Math 260, Fall 2017, Assignment 2

From cartan.math.umb.edu

We admit, in geometry, not only infinite magnitudes, that is to say, magnitudes greater than any assignable magnitude, but infinite magnitudes infinitely greater, the one than the other. This astonishes our dimension of brains, which is only about six inches long, five broad, and six in depth, in the largest heads.

- Voltaire

Read:[edit]

  1. Section 1.3.

Carefully define the following terms, then give one example and one non-example of each:[edit]

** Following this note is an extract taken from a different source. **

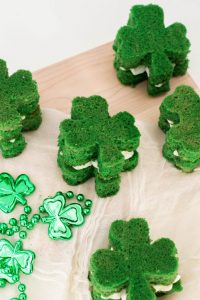 shamrock whoopee pies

  1. (In) reduced row-echelon form.
  2. Reduced row-echelon form (of a given matrix).
  3. Pivot (of a matrix in reduced row-echelon form).
  4. Dimension (of the solution set of a linear system).
  5. Geometric vector.
  6. Sum (of two geometric vectors).
  7. Scalar multiple (of a geometric vector).
  8. Zero vector.

Carefully state the following theorems (you need not prove them):[edit]

  1. Statement describing the solutions of a linear system in reduced row-echelon form.

Solve the following problems:[edit]

  1. Section 1.2, problems 1, 2, 4, 5, and 7 (you have already done Gauss-Jordan elimination on these systems in the previous assignment; now go ahead and write the solutions of these linear systems).
  2. Section 1.2, problems 18, 19, 20, 22, and 29.
  3. Section 1.3, problems 1, 7, and 8.